### Task item
Would you give the listing again exactly, without its images?

### Supplied records
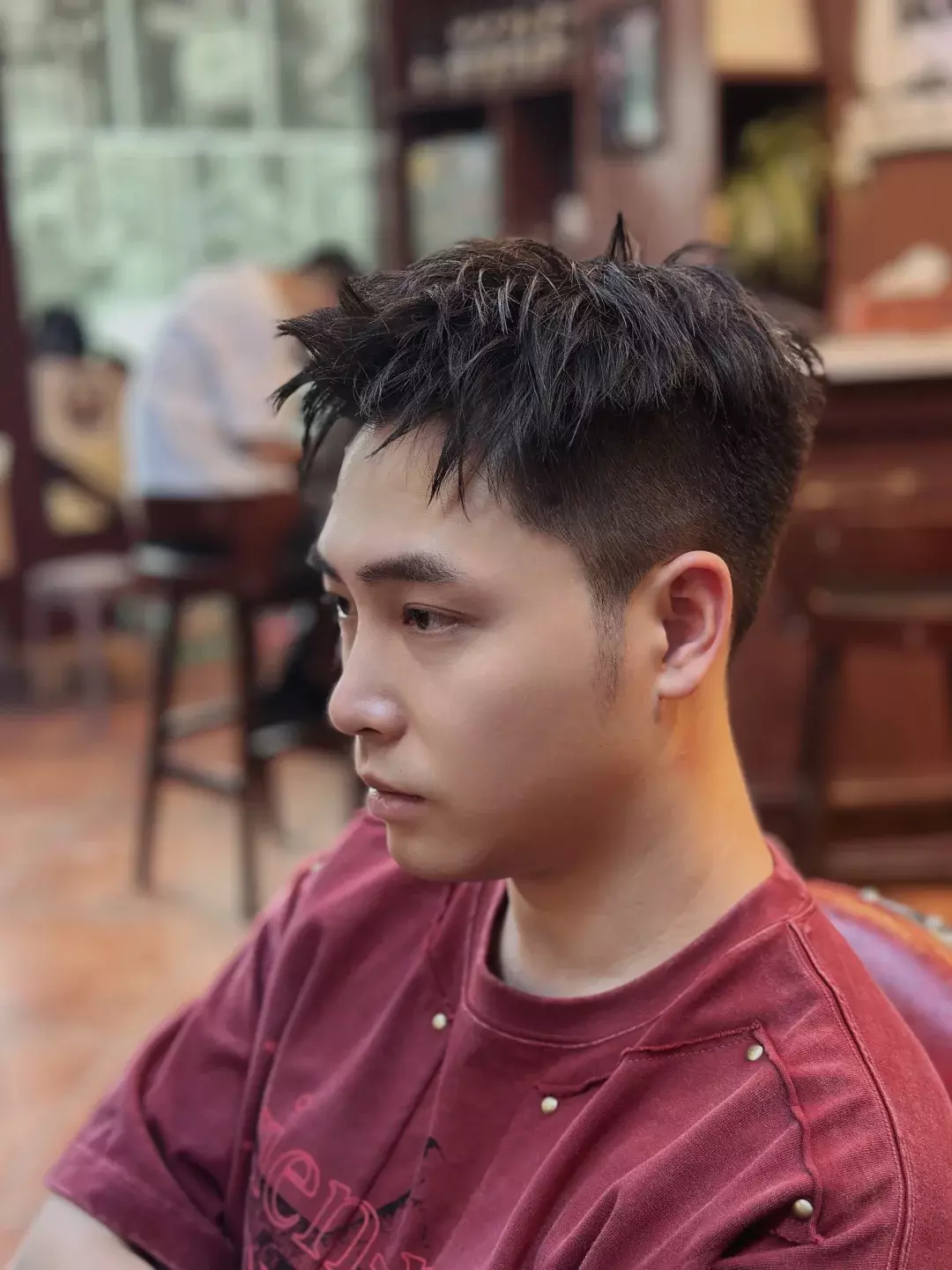 图片[2]-别再嫌弃“两边剃短”发型了！试试这3款，剪完让你帅得不费劲！-小蓝短视频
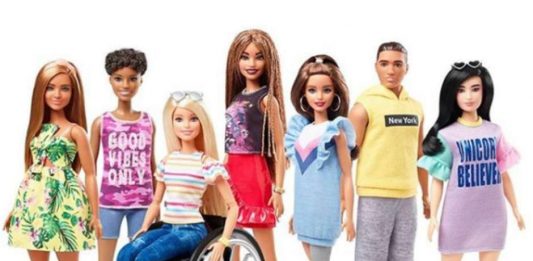 Barbie lança bonecas cadeirante e com perna protética para promover a inclusão social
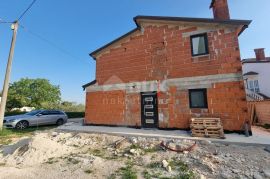 ISTRA, POREČ - Kuća u izgradnji sa dva stana i bazenom, Poreč, House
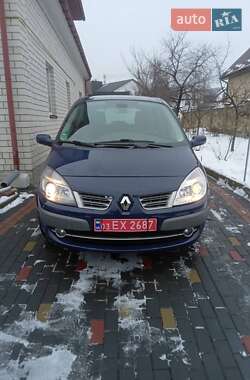 Минивэн Renault Scenic 2009 в 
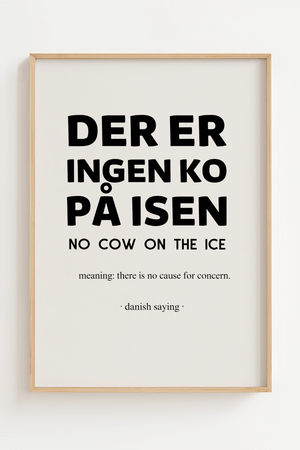 Plakat med teksten “Der er ingen ko på isen” og engelsk forklaring, minimalistisk dansk citatplakat i sort typografi.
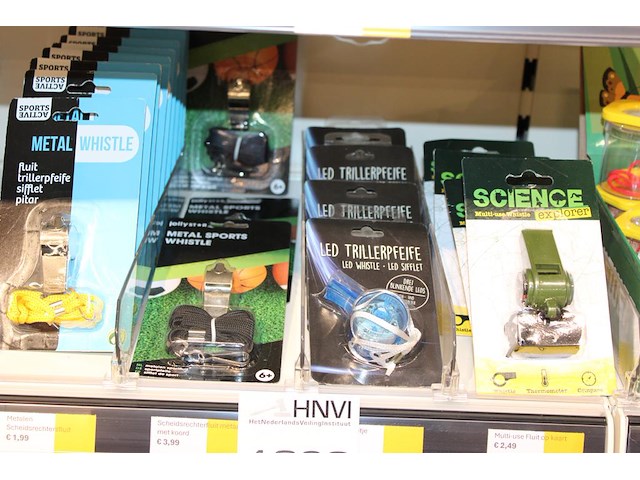Scheidsrechterfluitjes in diverse uitvoeringen, circa 20 stuks. - afbeelding 1 van  2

### Solution to this problem
 图片[2]-别再嫌弃“两边剃短”发型了！试试这3款，剪完让你帅得不费劲！-小蓝短视频
 Barbie lança bonecas cadeirante e com perna protética para promover a inclusão social
 ISTRA, POREČ - Kuća u izgradnji sa dva stana i bazenom, Poreč, House
 Минивэн Renault Scenic 2009 в 
 Plakat med teksten “Der er ingen ko på isen” og engelsk forklaring, minimalistisk dansk citatplakat i sort typografi.
Scheidsrechterfluitjes in diverse uitvoeringen, circa 20 stuks. - afbeelding 1 van  2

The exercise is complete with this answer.